* Required action *
The result should be an exact copy of every record, with no pictures kept.
==== Supplied records ====
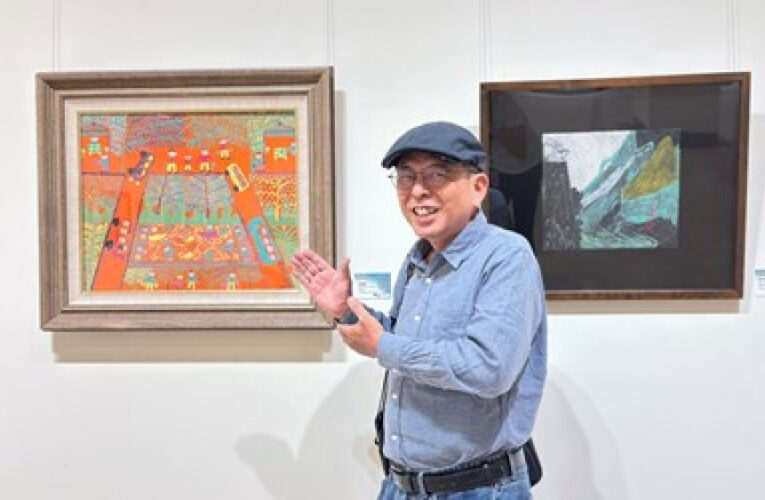 畫筆裡的青春少年兄！  中市「鳥魚‧魚鳥」黃票生特展  帶民眾重返藝術初心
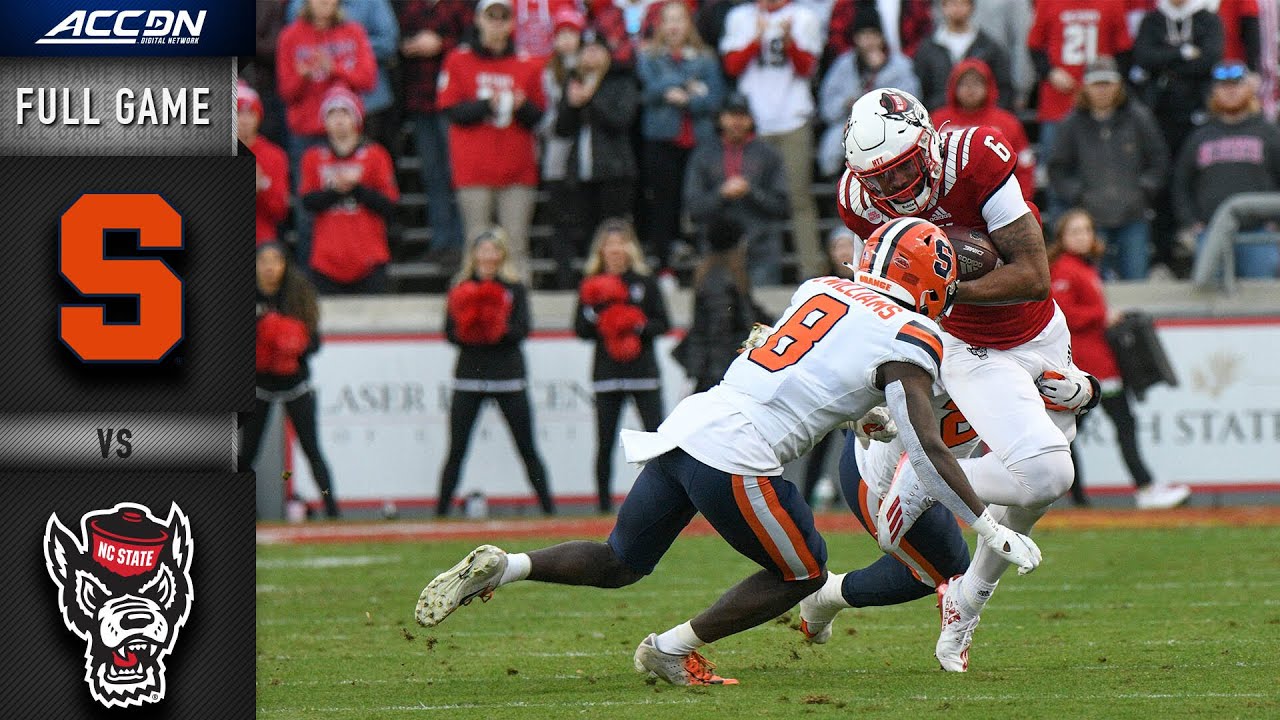 Syracuse vs. NC State Full Game | 2021 ACC Football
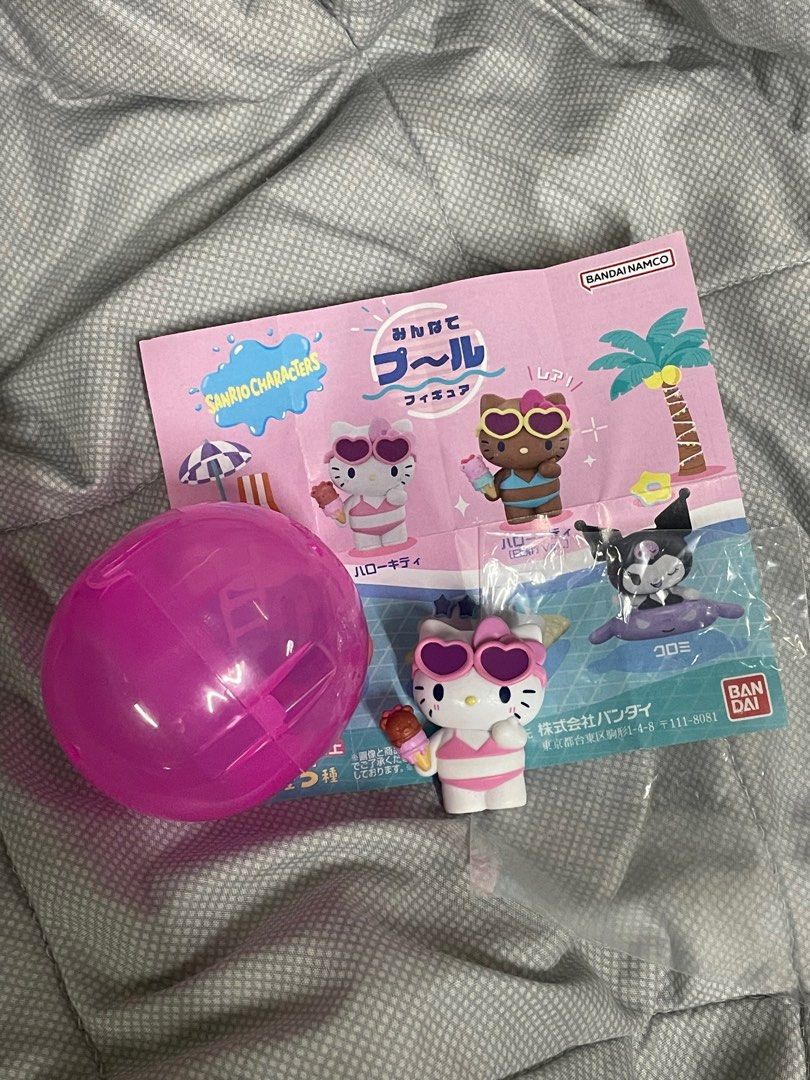 BANDAI gashapon sanrio summer figurine hello kitty (Category: Designer & Blind Box Toys) located in Davao. Submitted by masquenada (Listing ID 1325584169, Image 1). Description: loc.UP Diliman.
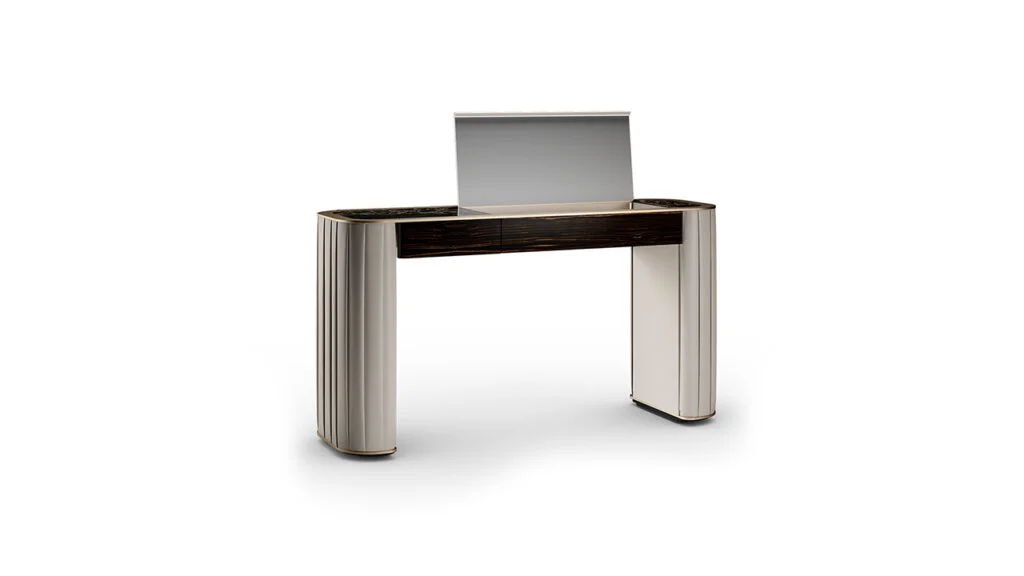 Modern pleated design toilet with sleek ceramic finish
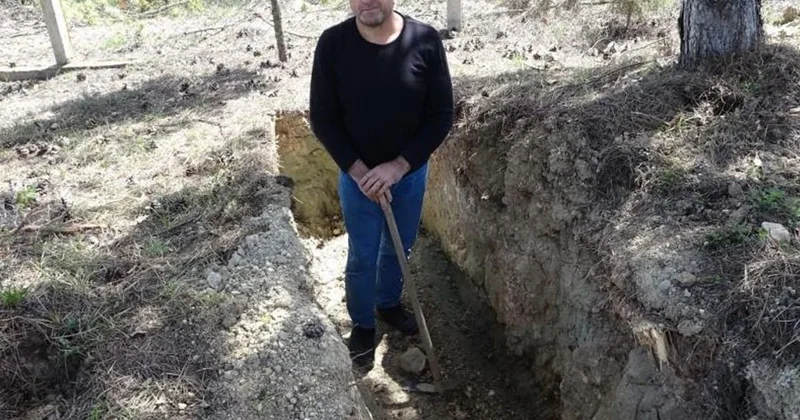 Dokuz kez ölümden döndü, mezarını kazmaya başladı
====
* Result of the task *
 畫筆裡的青春少年兄！  中市「鳥魚‧魚鳥」黃票生特展  帶民眾重返藝術初心
 Syracuse vs. NC State Full Game | 2021 ACC Football
 BANDAI gashapon sanrio summer figurine hello kitty (Category: Designer & Blind Box Toys) located in Davao. Submitted by masquenada (Listing ID 1325584169, Image 1). Description: loc.UP Diliman.
 Modern pleated design toilet with sleek ceramic finish
 Dokuz kez ölümden döndü, mezarını kazmaya başladı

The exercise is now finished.